At presstime, he was unsure how many pictures would be available, but noted that Carolco will continue its policy of seeking commitments for the whole bundle from territorial distributors. Columbia Tri-Star’s international division has a deal to pick up a number of territories. Bialek says it involves different agreements on each package of films.
Debut for PentaAmerica
Making its first splash in Cannes under a new banner, PentaAmerica Pictures, the Hollywood production outpost of Silvio Berlusconi Communications and the Cecchi Gori Group, will offer distribs the first three films from the joint production venture, a lineup that includes such star names as Jack Nicholson, Kathleen Turner, Ellen Barkin, and Tom Selleck.
“We talked about them at the American Film Market, but we’ll start selling at Cannes,” says Milton Goldstein, who is working as a foreign sales consultant with PentaAmerica prexy Gianni Nunnari. The three films – “Man Trouble,” “House of Cards,” and “Folks” – will have begun principal photography by the time Cannes rolls around, adds Goldstein.
Morgan Creek International topper Gary Barber says the company will unveil two new titles, “White Sands” and “Trial by Jury,” but stresses that the main function of the Cannes exposure is for the marketing of “Robin Hood: Prince of Thieves.”
“We have a distribution network,” he says, “and we do our selling on a year-round basis.” Barber regards Cannes as just another stop in the overall selling process.
Largo, The Summit Group and The Mount Film Group will be mainly following up on titles previously introduced. Largo and Mount, the latter making its Cannes debut under international sales chief Josh Kramer, will also be on the alert for co-production possibilities.
“We’re there as a new company and we’ll look around to see what kind of relationships we can make,” says Kramer. Largo’s Jean-Louis Rubin says he plans to conclude deals on “Back in the USSR” (formerly “Icons”) that were started at the American Film Market.

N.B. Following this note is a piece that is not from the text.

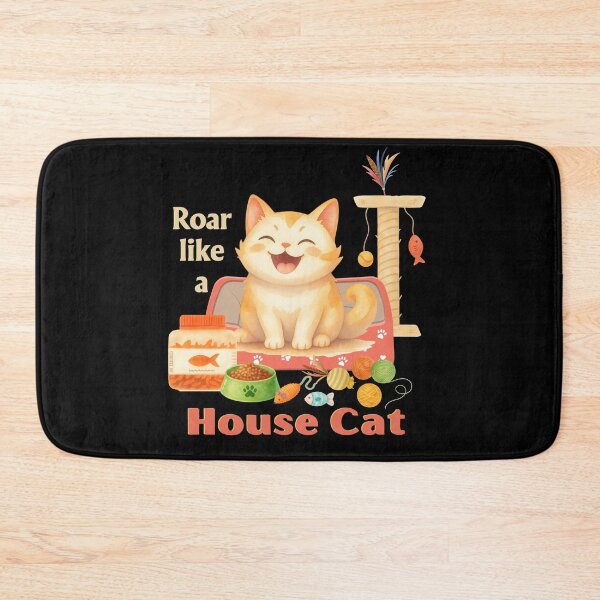 Item preview, Roar Like a House Cat - Light Ink Edition designed and sold by SunandShade.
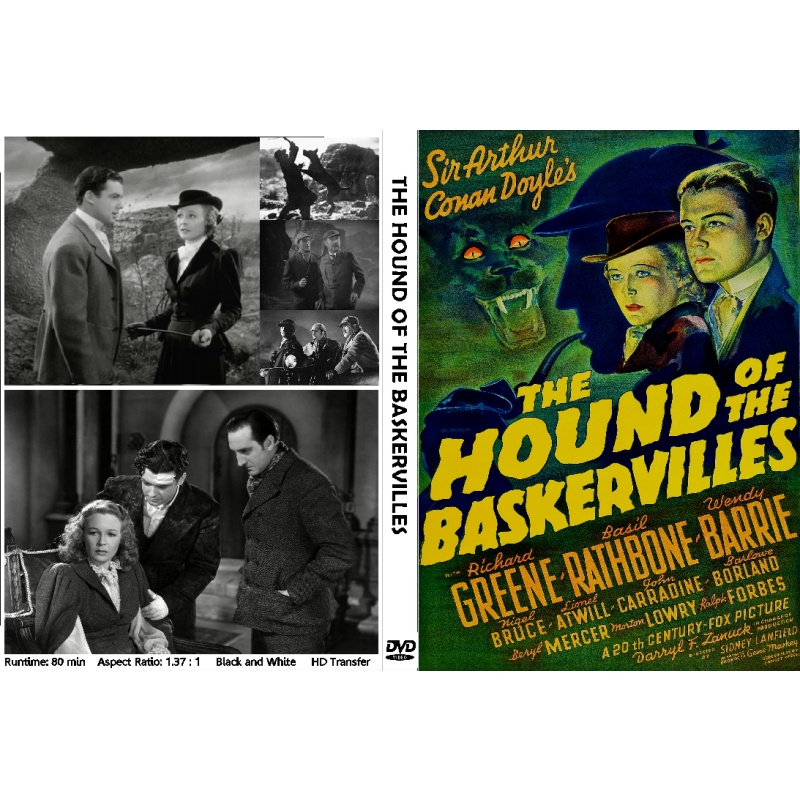 THE HOUND OF THE BASKERVILLES (1939) Basil Rathbone Nigel Bruce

“Markets aren’t necessary for the kind of pictures we do,” says Cinergi topper Andy Vajna, launching his own production program with the Sean Connery starrer, “The Stand: The Last Days of Eden” after severing his ties with Carolco which he founded with Mario Kassar. “They’re more for meeting and talking plans. Any place that a group of industry people gathers is important for major pictures.”
Vajna, like many of the big sellers, feels he doesn’t need markets to make placements for his type of films. He favors the yearround one-on-one sales technique with distribs with whom relationships have been developed. Vajna is part of The Summit Group, the joint venture foreign sales company he co-owns with Bernd Eichinger (Constatin Films) and Arnon Milchan (Regency International).
Dino De Laurentiis Communications and Vision International are utilizing Cannes as a launching pad for completed pictures in addition to other sales tasks. “Cannes is the best place to kick off a picture’s international marketing campaign,” says Vision’s Mark Damon, who has his sights set on John Berry’s “Captive In The Land,” a U.S.-Soviet coproduction selected for the Cannes fest’s Un Certain Regarde section, and “Shadow Of The Wolf,” a $22 million French-Canadian co-production.
With France, Italy, and Germany scheduled for a May 15 opening of “In Bed With Madonna, ” the music docu produced by the star (titled “Truth Or Dare” for U.S. release Miramax), DDLC will unleash a massive. promotional barrage aimed at getting the attention of the more than 2,500 members of the international press that descends on Cannes annually. Madonna will be there in person for the hoopla.